Columns A-E represent tallies from different types of sources:
Col Source A Spoken sources (TV, radio, movies) B Fiction (books) C Popular magazines D Newspapers E Academic journals
The Total column represents the arithmetic sum of columns A-E.
The problem is that the sources contain very different types of words. The biggest problem is the Academic genre. Those sources tend to use highly technical terms and jargon and they use some common words in somewhat unusual ways. There are over 17,000 words with academic tallies that are at least double the average of the other four genres, over 4,000 that are at least 10 times higher, over 900 that are at least 100 times higher, and almost 500 that are only in the academic genre. Several examples are included in the table above.
The Spoken genre is also skewed by slang and casual terminology, but to a much lower degree.

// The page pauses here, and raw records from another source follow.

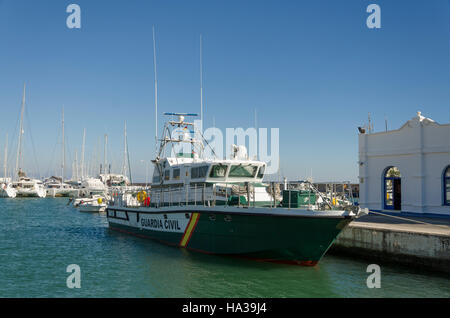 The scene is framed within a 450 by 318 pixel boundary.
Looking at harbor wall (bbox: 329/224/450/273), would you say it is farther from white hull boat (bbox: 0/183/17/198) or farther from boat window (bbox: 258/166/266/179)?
white hull boat (bbox: 0/183/17/198)

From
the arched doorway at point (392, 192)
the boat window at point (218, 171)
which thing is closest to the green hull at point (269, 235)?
the boat window at point (218, 171)

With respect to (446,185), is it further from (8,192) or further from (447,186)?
(8,192)

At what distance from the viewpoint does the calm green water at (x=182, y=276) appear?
1000 centimetres

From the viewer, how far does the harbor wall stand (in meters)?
11.8

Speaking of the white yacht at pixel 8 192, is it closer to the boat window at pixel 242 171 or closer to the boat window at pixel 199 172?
the boat window at pixel 199 172

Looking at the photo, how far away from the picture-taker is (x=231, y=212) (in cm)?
1254

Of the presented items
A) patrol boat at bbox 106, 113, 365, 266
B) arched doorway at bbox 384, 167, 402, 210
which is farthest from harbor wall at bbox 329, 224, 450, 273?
arched doorway at bbox 384, 167, 402, 210

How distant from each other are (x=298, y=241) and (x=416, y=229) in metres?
4.64

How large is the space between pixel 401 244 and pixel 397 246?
16cm

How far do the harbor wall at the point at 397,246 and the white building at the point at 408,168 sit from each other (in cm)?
494

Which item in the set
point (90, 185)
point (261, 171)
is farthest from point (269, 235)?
point (90, 185)

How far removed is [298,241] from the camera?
11.7 meters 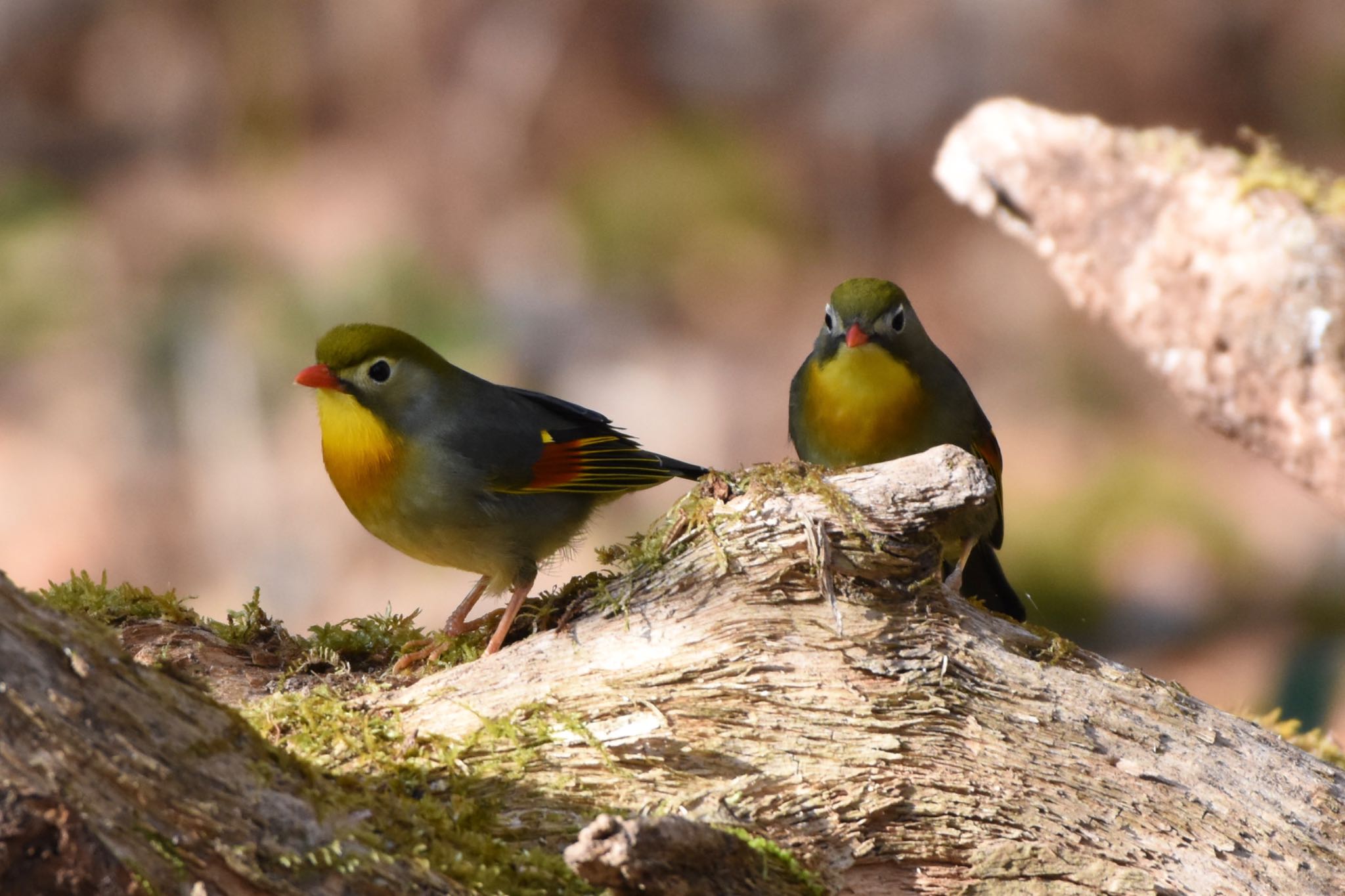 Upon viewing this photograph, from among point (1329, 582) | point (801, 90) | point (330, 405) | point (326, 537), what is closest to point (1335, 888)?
point (330, 405)

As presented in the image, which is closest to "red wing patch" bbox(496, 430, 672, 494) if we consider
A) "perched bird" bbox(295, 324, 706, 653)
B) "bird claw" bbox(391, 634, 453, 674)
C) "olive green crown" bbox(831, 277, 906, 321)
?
"perched bird" bbox(295, 324, 706, 653)

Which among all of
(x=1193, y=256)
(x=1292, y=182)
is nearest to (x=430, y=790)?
(x=1193, y=256)

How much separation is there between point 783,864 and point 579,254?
9.38 metres

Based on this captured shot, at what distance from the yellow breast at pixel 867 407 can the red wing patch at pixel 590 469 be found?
0.67m

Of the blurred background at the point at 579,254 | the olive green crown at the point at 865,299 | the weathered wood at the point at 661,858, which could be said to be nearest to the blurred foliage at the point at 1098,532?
the blurred background at the point at 579,254

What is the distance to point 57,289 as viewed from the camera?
36.7 feet

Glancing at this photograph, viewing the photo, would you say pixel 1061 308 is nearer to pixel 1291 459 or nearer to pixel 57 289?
pixel 1291 459

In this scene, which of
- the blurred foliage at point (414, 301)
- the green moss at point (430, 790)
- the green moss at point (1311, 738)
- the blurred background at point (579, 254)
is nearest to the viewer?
the green moss at point (430, 790)

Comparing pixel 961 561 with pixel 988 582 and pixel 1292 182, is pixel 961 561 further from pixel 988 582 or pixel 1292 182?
pixel 1292 182

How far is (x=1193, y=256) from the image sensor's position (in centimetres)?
510

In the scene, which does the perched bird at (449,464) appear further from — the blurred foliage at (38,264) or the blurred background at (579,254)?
the blurred foliage at (38,264)

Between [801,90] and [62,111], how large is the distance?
6649mm

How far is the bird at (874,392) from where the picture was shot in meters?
4.27

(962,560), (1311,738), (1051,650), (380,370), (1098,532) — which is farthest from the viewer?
(1098,532) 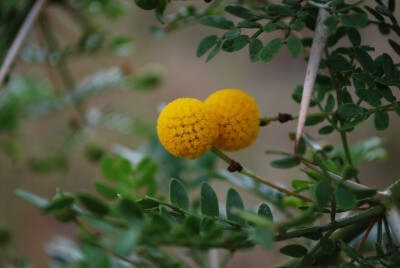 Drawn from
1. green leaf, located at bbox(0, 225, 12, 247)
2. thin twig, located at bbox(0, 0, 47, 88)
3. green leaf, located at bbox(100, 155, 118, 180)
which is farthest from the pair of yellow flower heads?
green leaf, located at bbox(0, 225, 12, 247)

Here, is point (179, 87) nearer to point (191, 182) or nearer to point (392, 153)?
point (392, 153)

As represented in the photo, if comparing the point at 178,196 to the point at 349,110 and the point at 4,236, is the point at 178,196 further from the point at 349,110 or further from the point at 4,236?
the point at 4,236

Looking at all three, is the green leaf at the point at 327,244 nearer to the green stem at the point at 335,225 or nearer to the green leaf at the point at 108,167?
the green stem at the point at 335,225

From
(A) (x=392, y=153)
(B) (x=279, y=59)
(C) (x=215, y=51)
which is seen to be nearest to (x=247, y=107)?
(C) (x=215, y=51)

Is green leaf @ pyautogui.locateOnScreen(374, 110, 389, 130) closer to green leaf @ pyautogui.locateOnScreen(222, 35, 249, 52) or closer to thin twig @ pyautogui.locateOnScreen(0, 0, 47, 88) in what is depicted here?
green leaf @ pyautogui.locateOnScreen(222, 35, 249, 52)

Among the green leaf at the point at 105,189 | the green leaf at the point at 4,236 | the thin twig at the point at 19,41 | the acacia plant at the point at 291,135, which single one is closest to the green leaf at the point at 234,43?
the acacia plant at the point at 291,135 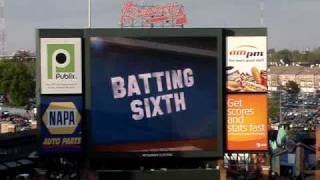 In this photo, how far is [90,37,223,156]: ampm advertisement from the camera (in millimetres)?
23609

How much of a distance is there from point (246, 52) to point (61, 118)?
677 centimetres

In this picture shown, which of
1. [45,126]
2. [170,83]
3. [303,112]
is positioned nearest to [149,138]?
[170,83]

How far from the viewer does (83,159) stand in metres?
24.1

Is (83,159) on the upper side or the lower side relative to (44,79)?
A: lower

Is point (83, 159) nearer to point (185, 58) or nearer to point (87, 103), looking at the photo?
point (87, 103)

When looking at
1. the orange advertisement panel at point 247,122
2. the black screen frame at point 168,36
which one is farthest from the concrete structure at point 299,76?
the black screen frame at point 168,36

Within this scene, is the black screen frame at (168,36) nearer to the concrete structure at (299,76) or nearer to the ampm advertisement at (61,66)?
the ampm advertisement at (61,66)

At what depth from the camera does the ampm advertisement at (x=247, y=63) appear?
24.0 metres

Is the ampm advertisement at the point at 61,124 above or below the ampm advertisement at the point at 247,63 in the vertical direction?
below

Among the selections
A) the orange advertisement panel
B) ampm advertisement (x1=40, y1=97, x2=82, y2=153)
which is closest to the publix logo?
the orange advertisement panel

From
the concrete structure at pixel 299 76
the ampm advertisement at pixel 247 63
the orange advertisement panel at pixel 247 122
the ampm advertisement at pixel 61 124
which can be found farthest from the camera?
the concrete structure at pixel 299 76

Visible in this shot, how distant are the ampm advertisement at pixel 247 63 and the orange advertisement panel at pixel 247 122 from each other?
1.19 feet

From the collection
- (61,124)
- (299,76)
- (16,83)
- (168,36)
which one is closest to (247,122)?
(168,36)

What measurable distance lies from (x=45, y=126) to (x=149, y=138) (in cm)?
359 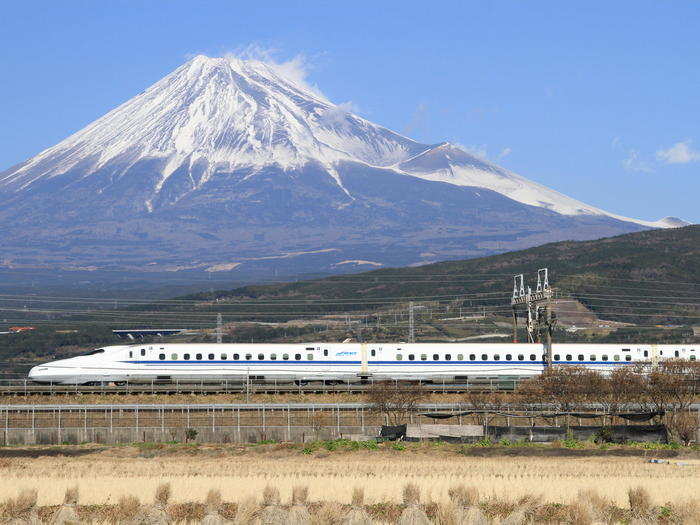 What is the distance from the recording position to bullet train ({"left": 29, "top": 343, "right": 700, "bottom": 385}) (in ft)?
275

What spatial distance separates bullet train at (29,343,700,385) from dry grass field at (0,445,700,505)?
21.2 m

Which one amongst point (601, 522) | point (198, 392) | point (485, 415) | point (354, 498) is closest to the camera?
point (601, 522)

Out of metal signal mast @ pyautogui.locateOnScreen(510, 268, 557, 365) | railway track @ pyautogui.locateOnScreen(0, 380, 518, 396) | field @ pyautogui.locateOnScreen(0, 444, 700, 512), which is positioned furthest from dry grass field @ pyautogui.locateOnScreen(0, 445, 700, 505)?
metal signal mast @ pyautogui.locateOnScreen(510, 268, 557, 365)

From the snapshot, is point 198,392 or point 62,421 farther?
point 198,392

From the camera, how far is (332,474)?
2039 inches

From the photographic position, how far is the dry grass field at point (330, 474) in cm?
4503

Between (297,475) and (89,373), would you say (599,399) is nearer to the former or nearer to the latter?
(297,475)

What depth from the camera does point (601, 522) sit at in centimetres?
3938

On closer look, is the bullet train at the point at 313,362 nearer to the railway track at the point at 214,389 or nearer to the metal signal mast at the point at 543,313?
the railway track at the point at 214,389

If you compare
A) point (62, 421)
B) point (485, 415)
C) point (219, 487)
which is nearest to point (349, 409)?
point (485, 415)

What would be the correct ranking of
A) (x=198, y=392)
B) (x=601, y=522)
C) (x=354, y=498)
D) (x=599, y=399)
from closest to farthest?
(x=601, y=522) → (x=354, y=498) → (x=599, y=399) → (x=198, y=392)

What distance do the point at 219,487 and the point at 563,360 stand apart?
44.9 meters

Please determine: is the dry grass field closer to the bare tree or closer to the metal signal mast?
the bare tree

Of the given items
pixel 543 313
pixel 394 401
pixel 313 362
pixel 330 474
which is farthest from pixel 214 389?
pixel 330 474
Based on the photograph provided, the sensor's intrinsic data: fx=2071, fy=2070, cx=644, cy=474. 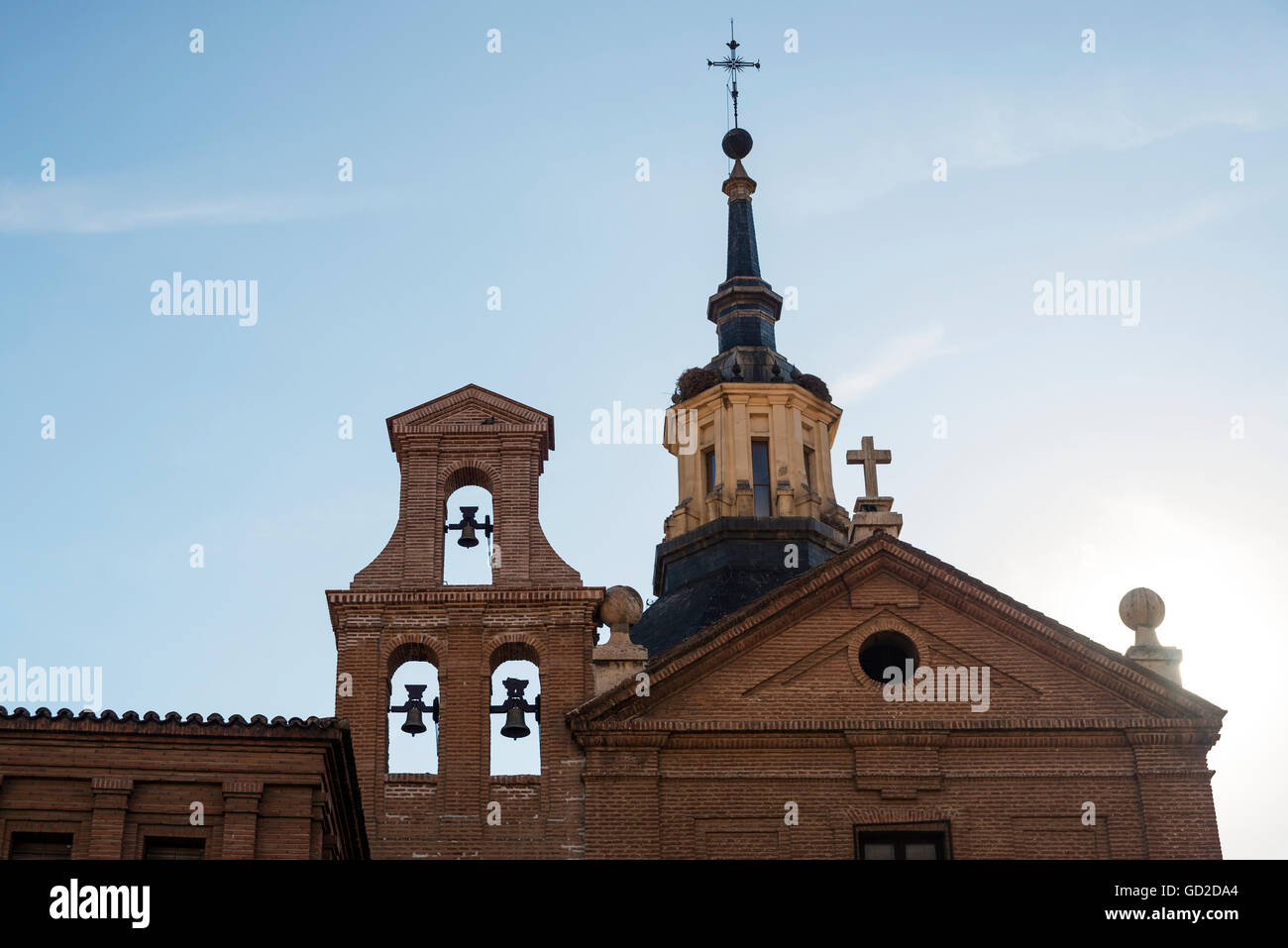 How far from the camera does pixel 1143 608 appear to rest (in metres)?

I could just eliminate those two columns, but I would prefer to keep them in the mix, but at a lower weight. I would like to come up with some scheme for assigning weighting factors to each column.
One scheme is to assign each column a relative weight. Let's say I want to give column A 3/4 weight (0.75) and column E 1/4 weight (0.25) as compared to the other columns. If I assigned weighting factors of 0.75 1.0 1.0 1.0 0.25, I could multiply each score in each column by the corresponding weighting factors.
This actually produces better results, but it reduces the totals by 4/5. To keep the overall totals about the same, I could multiply the result by 5/4 to compensate for reducing the overall weight from 5 to 4.
I would appreciate any comments on this method and any suggestions for a better one.